Image-caption web data
***

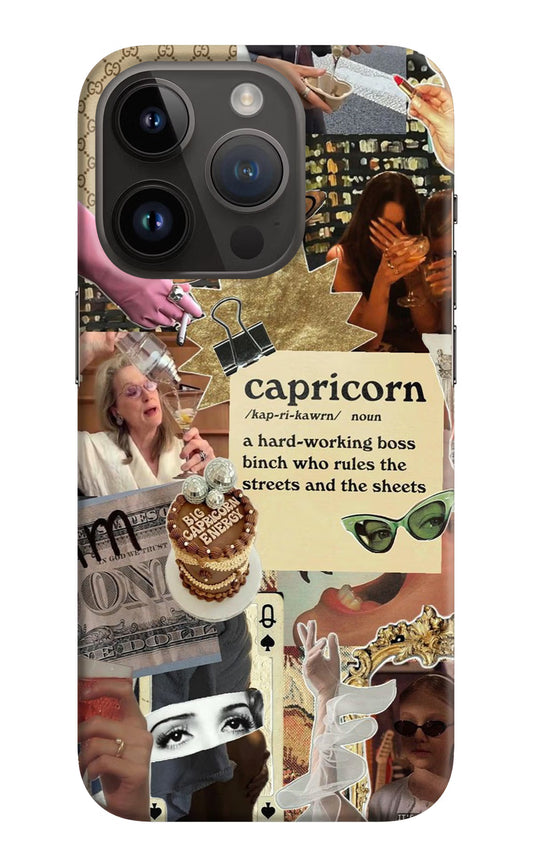 Capricorn Zodiac iPhone 14 Pro Hard Case Back Cover by Casekaro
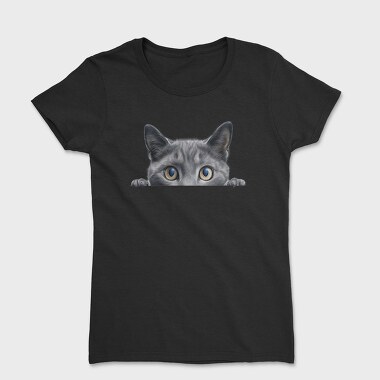 Russian Blue Peeking Cat, Tricou Femei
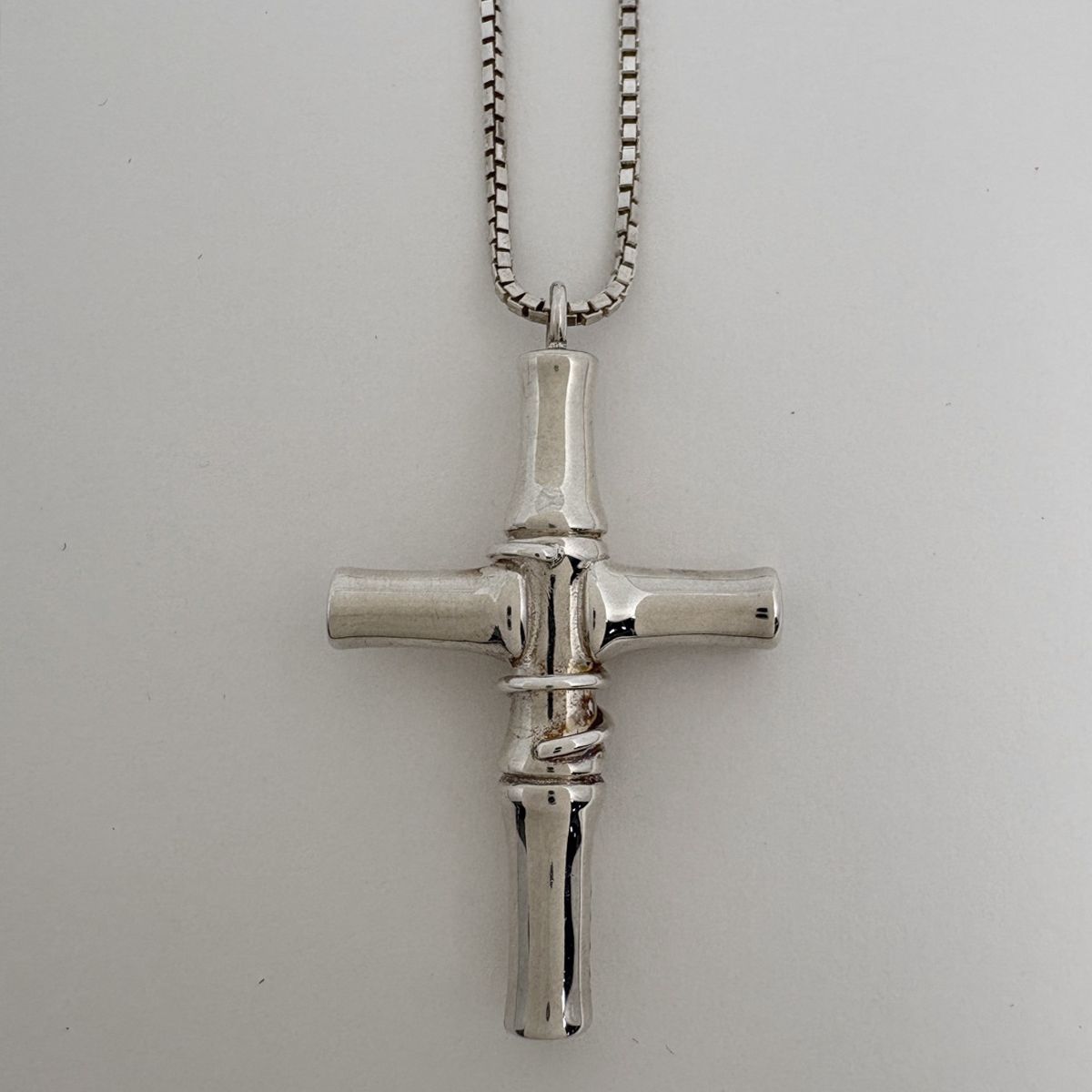 グッチ GUCCI クロス ネックレス バンブー 十字架 ネックレス シルバー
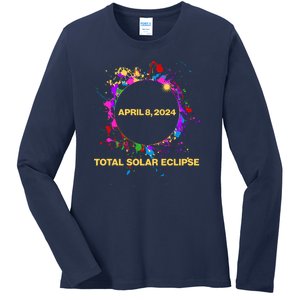 Cool Total Solar Eclipse April 8 2014 Paint Splatter Ladies Long Sleeve Shirt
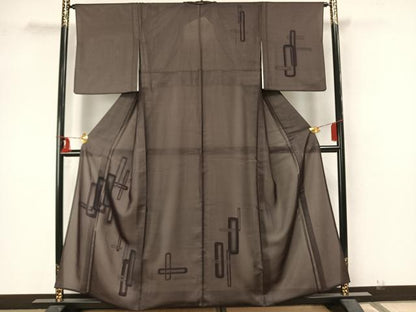 平和屋着物▽訪問着 無双 紗袷 紗×絽 幾何学文 正絹 逸品 AAAZ1738fy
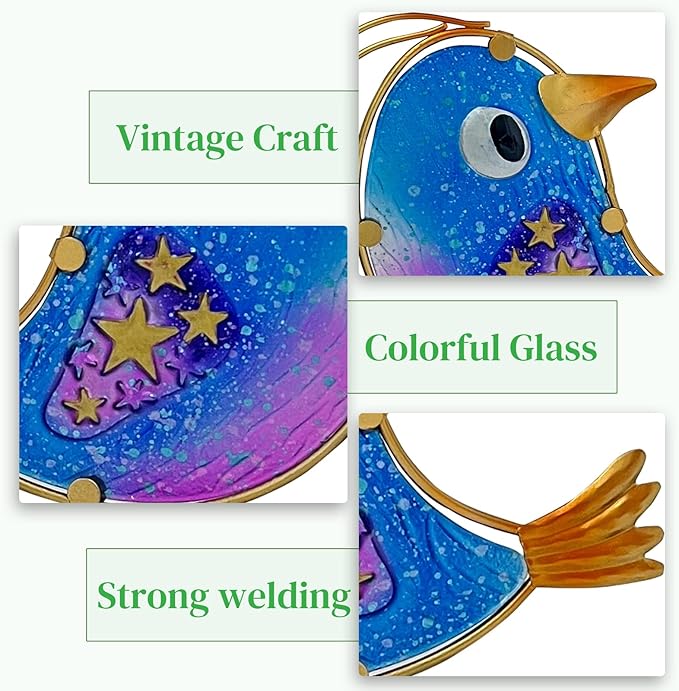 HONGLAND Garden Decor for Outside, Funny Metal & Glass Bird Decor Indoor Outdoor Set of 2, Yard Art Decorations with Housewarming Gift Idea, Colorful Garden Statues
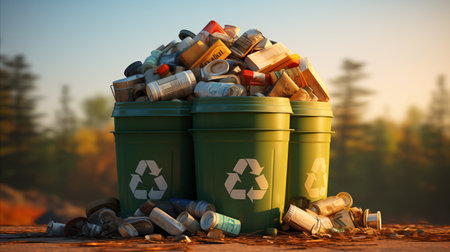 Trash cans with recycle icon.の素材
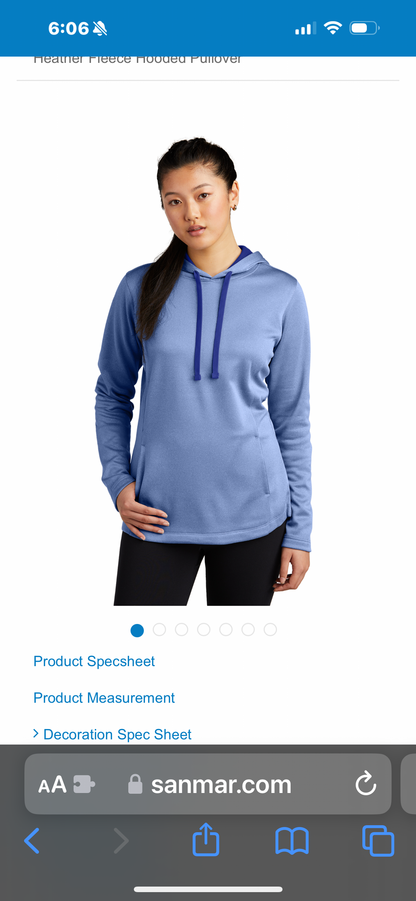 Ladies Sport-Tek® PosiCharge® Electric Heather Fleece Hooded Pullover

***

> _WORK TO BE COMPLETED_
The copy must start at the line containing "HONGLAND Garden Decor" and end at the last line of the records, matching each line exactly and holding no pictures.

> _ANSWER BOX_
 HONGLAND Garden Decor for Outside, Funny Metal & Glass Bird Decor Indoor Outdoor Set of 2, Yard Art Decorations with Housewarming Gift Idea, Colorful Garden Statues
 Trash cans with recycle icon.の素材
 Ladies Sport-Tek® PosiCharge® Electric Heather Fleece Hooded Pullover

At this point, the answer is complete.